WHAT IS REQUIRED: Return the data below exactly, please, but drop the pictures.

SOURCE DATA:
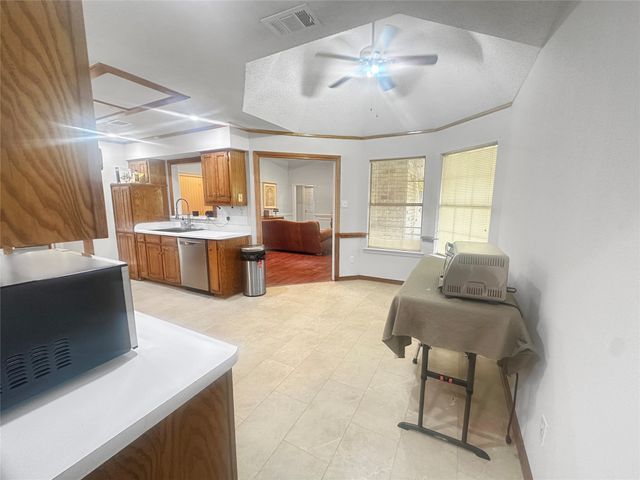 1320 Thistlewood Drive, Desoto, TX 75115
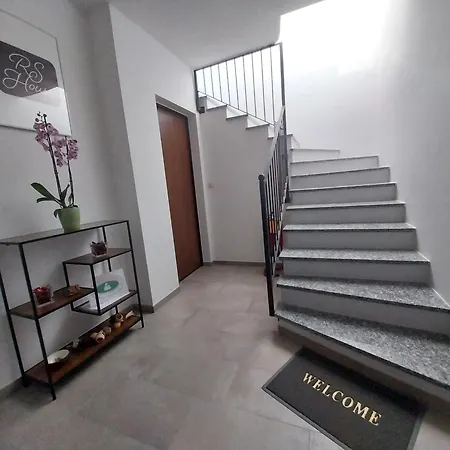 Rs House La Rosa Blu * Santena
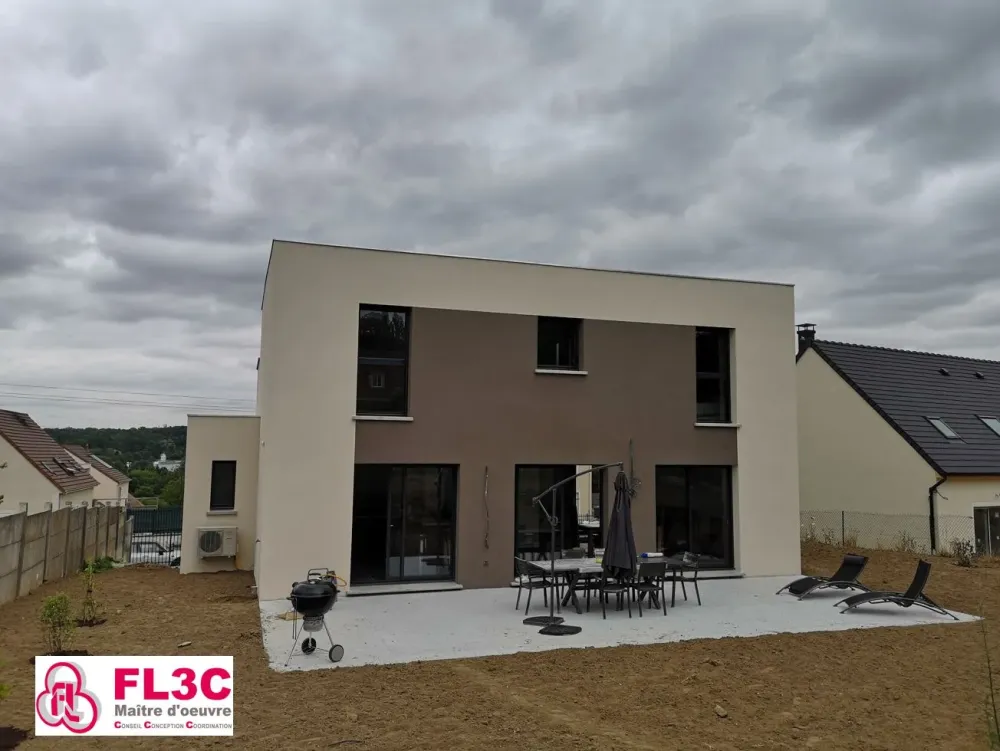 construction maison cube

ANSWER SPACE:
 1320 Thistlewood Drive, Desoto, TX 75115
 Rs House La Rosa Blu * Santena
 construction maison cube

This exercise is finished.